29日は岸田総理大臣と二階派の事務総長を務めた武田・元総務大臣の2人が、3月1日はいずれも安倍派の事務総長を務めた4人が出席します。

自民党の派閥の政治資金パーティーをめぐる問題で、岸田総理大臣は28日午前、党総裁として説明責任を果たしたいとして、衆議院政治倫理審査会にみずから出席する意向を明らかにし、午後、審査を申し出ました。

こうしたことを受けて、審査会は幹事会を開き、テレビ中継も含め、報道機関に全面公開する形で、29日と3月1日に審査会を開催することを決めました。

29日は岸田総理大臣と二階派の事務総長を務めた武田・元総務大臣の2人が、3月1日は、いずれも安倍派の事務総長を務めた西村・前経済産業大臣、松野・前官房長官、塩谷・元文部科学大臣、高木・前国会対策委員長の4人が出席します。

1人あたりの時間は1時間20分で、はじめに議員本人が弁明を15分間行い、各党の委員による質疑を1時間5分行うとしています。

審査会に現職の総理大臣が出席するのは初めてで、議員が出席して弁明を行うのは2006年以来となります。

審査会をめぐっては、与野党が安倍派と二階派の5人からの申し出を受けて、28日と29日に開催する方向で協議していましたが、公開のあり方で自民党内の調整がつかず、28日の開催は見送られていました。

公開するかどうかは議員本人の意向が尊重されますが、岸田総理大臣が公開での審査を申し出たことから、5人も公開を受け入れ、日程などが固まった格好です。

野党 岸田首相出席の審査会の開催 応じること確認

岸田総理大臣が衆議院政治倫理審査会に出席する意向を示したことを受けて、野党4党の国会対策委員長が会談し、岸田総理大臣が出席しての審査会の開催に応じることを確認しました。

立憲民主党、日本維新の会、共産党、国民民主党の野党4党の国会対策委員長らが、28日正午ごろから会談しました。

この中で、立憲民主党の安住国会対策委員長は、自民党の派閥の政治資金パーティーをめぐる問題で、自民党から岸田総理大臣が党総裁としてみずから衆議院政治倫理審査会に出席する意向だと伝えられたと説明しました。

出席者からは、みずから説明したいという申し出を拒むものではないなどとして、岸田総理大臣が出席しての審査会の開催に応じることを確認しました。

一方、安倍派と二階派の5人の審査会への出席をめぐっては、5人はすでに審査を申し出ているとして、出席が確定するまでは新年度予算案の審議日程についての協議に応じられないという認識で一致しました。

政治倫理審査会とは

政治倫理審査会は、議員が政治倫理に関する規範に著しく違反して、政治的、道義的に責任があるかどうかを審査する場で、衆参両院に設けられています。

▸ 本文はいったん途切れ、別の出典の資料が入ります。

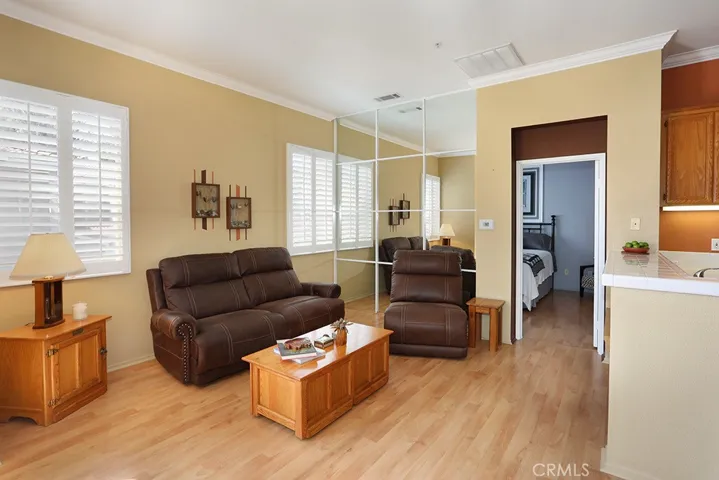 Great floorplan, the two bedrooms are located on opposite sides of the condo.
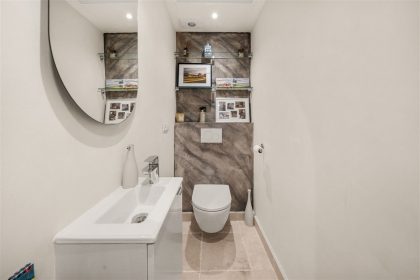 1c97f32a511a824af91ed27aa8e980da - 17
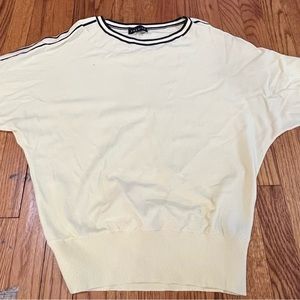 Woman’s crewneck T-shirt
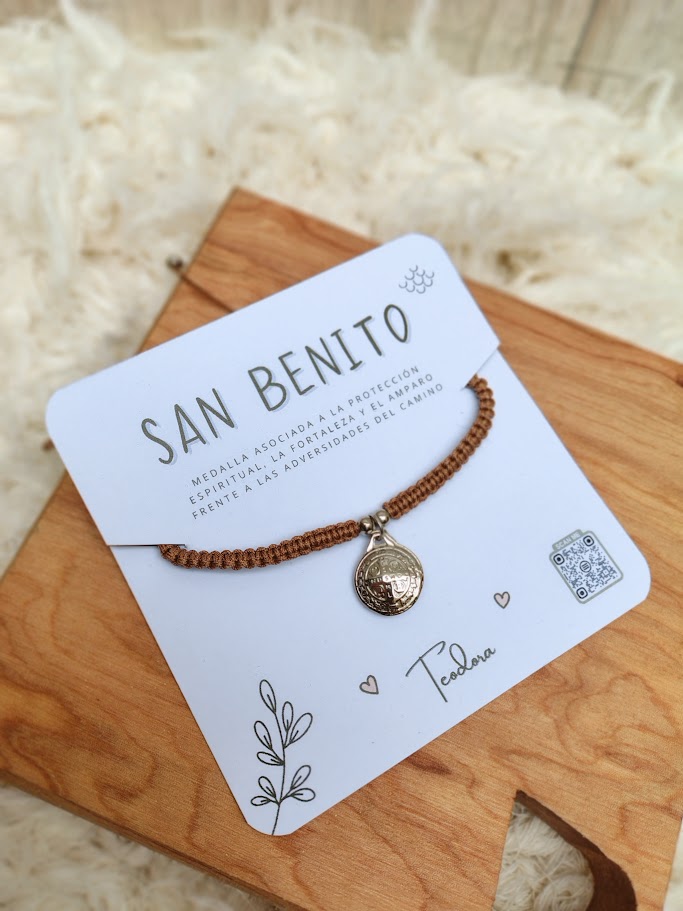 Pulsera de proteccion 'San Benito' - Teodora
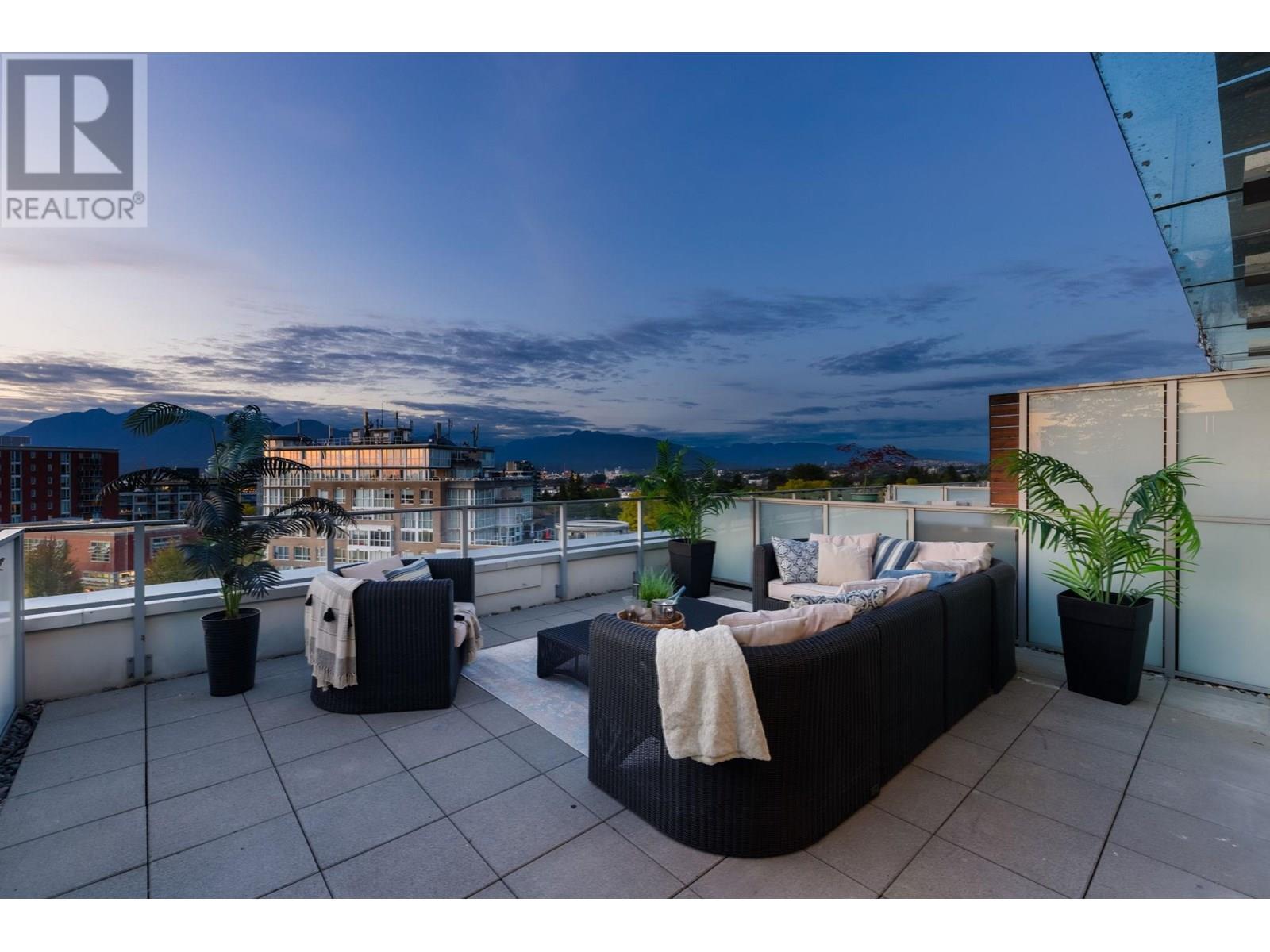 Photo 1 of 602 2508 Watson Street, Vancouver BC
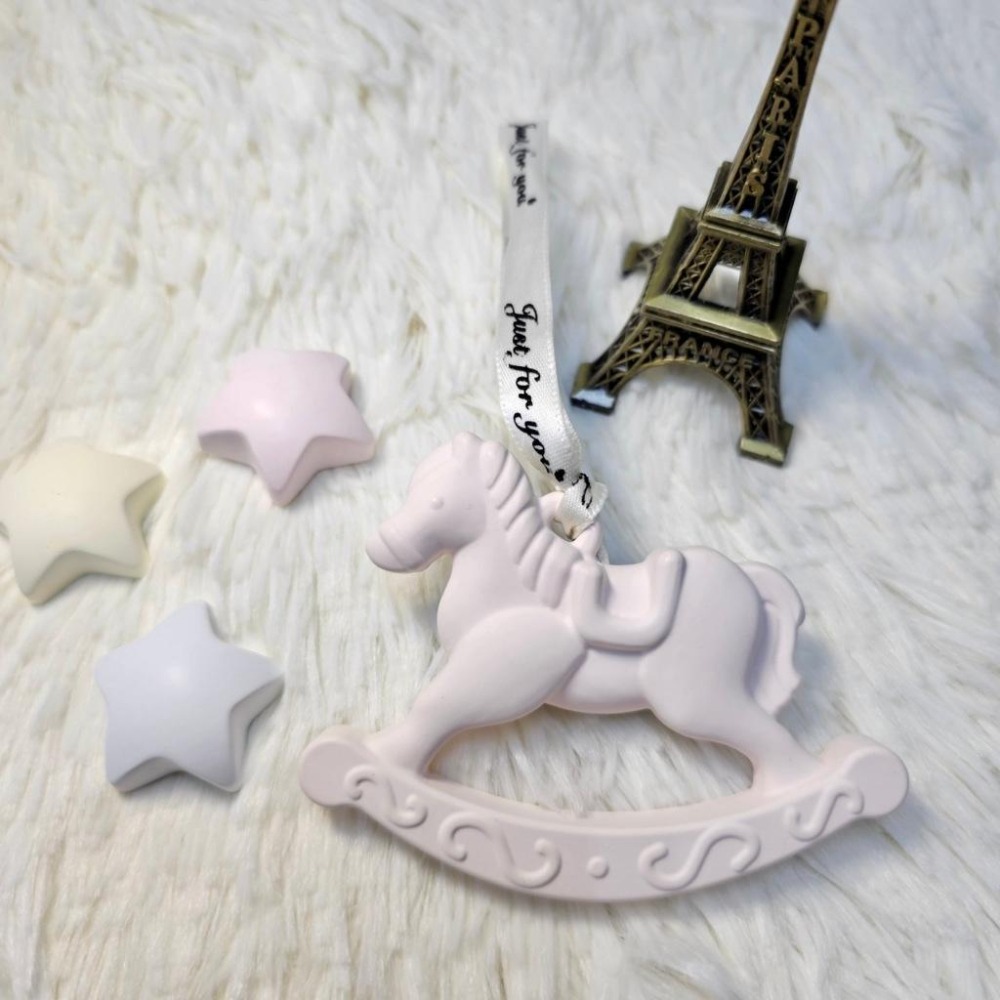 【有禮無理】鏡面木馬擴香石禮盒 馬卡龍色旋轉木馬吊牌香氛石 緞帶吊牌車用擴香石 擴香擺飾 送禮首選 婚禮小物 台灣賣家-細節圖2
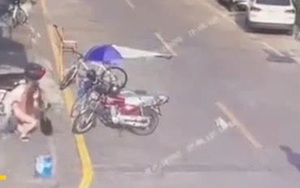 Cô gái bị kéo lê cưỡng bức giữa ban ngày trên phố lớn, mọi người xung quanh dửng dưng đứng nhìn gây phẫn nộ cực điểm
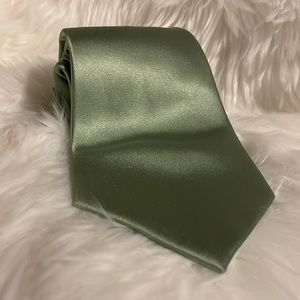 NEW VAN HEUSEN 100% SILK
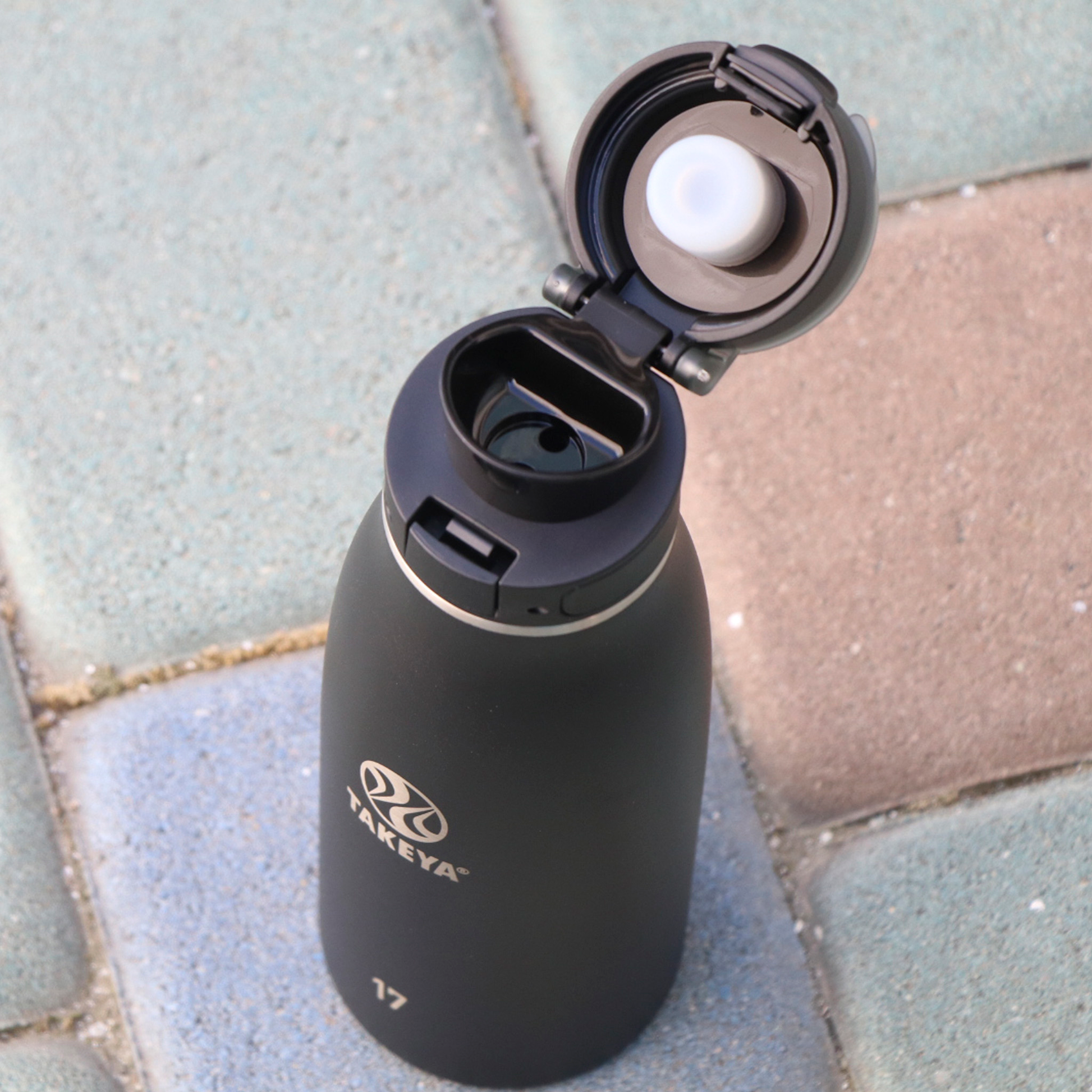 traveler-fliplocktm-lid-d2 96076-R-TravelerLid-Lifestyle-Onyx.png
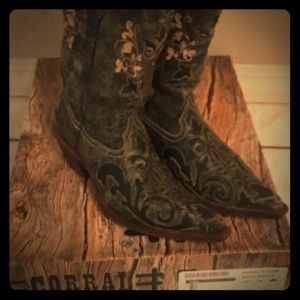 Coral Cowgirl boots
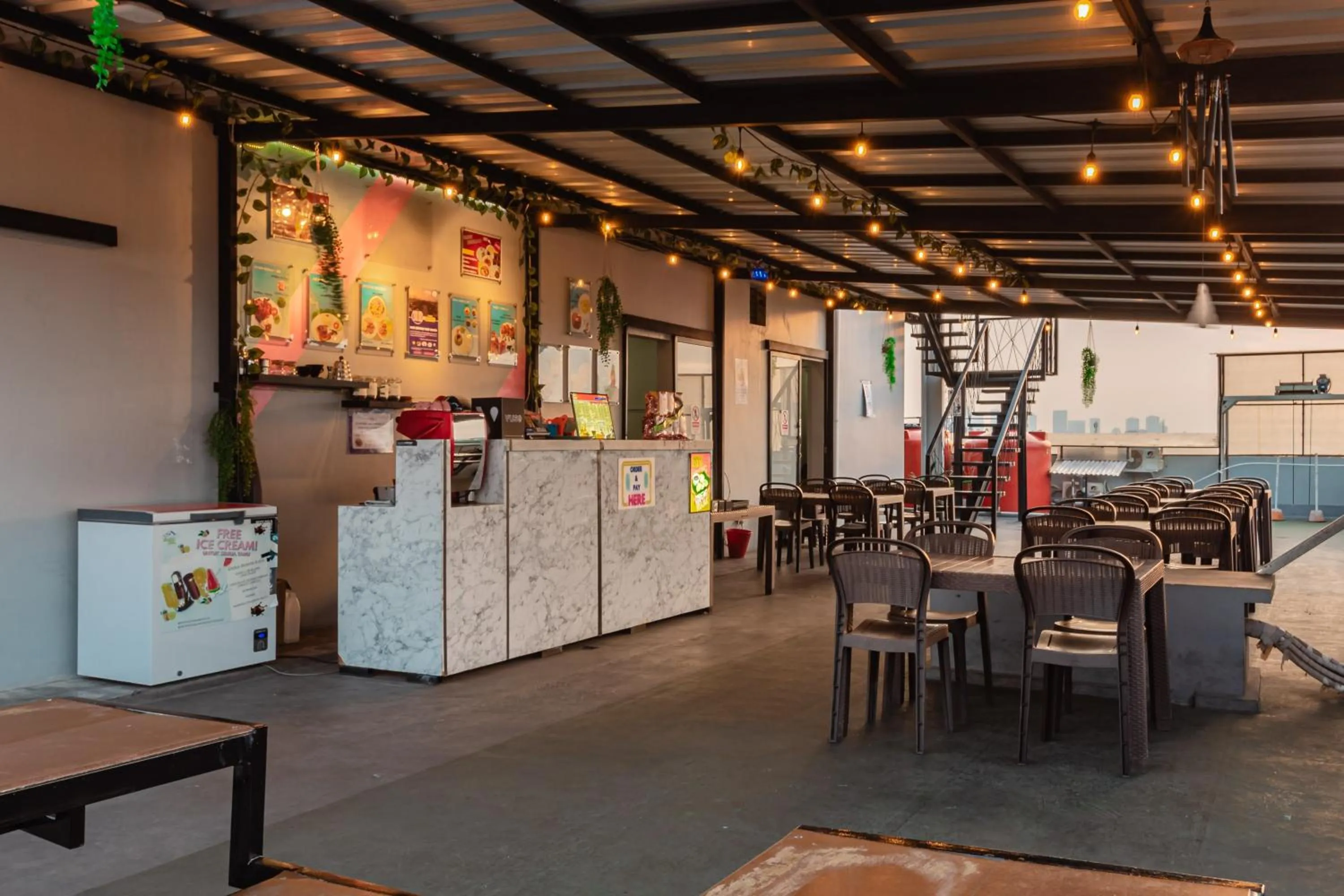 Restaurant/places to eat in Monggo Mampir Tanjung Duren By Reccoma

委員が審査の申し立てをするか、疑惑を受けた議員本人が審査を申し出ることで開かれます。

審査は原則非公開で、議員本人が認めれば議員や報道関係者の傍聴が可能になります。

また、審査会での発言は証人喚問とは異なり、虚偽の証言をした場合でも偽証罪に問われることはありません。

今回は安倍派と二階派の5人の事務総長経験者、それに岸田総理大臣からの申し出を受けて行われます。

審査会に現職の総理大臣が出席するのは初めてです。

当初、申し出た5人が原則どおり、非公開を希望したのに対し、野党側が公開を求めて折り合いがつかず、岸田総理大臣の申し出を受けて改めて協議した結果、報道機関にも公開する形で開催されることになりました。

一方、審査の結果、政治的、道義的に責任があると認めたときは、審査会として一定期間の登院自粛などを議員に勧告できることになっていますが、過去に勧告を受けた議員はいません。

過去の政治倫理審査会

政治倫理審査会は、衆議院ではこれまでに9回、審査のために開かれています。

8回は議員本人からの申し出、1回は委員の申し立てによるものです。

初めて開かれたのは、
▽1996年9月で、当時、自民党の幹事長だった加藤紘一氏が、鉄骨加工メーカーから、みずからへの献金疑惑について弁明を行いました。

▽1998年6月には自民党の山崎拓氏
▽2001年2月には自民党の額賀福志郎氏
▽2002年7月には無所属の田中真紀子氏
▽2003年5月には保守新党の松浪健四郎氏
▽2004年5月には自民党の原田義昭氏
▽同じ年の11月には自民党の橋本龍太郎氏
▽2006年2月には自民党の伊藤公介氏

それぞれ、政治とカネや学歴など、みずからに関する疑惑について弁明を行いました。

審査会が実際に非公開となったのは加藤氏の時の1回だけで、山崎氏、額賀氏、橋本氏の時の3回は議員の傍聴が認められました。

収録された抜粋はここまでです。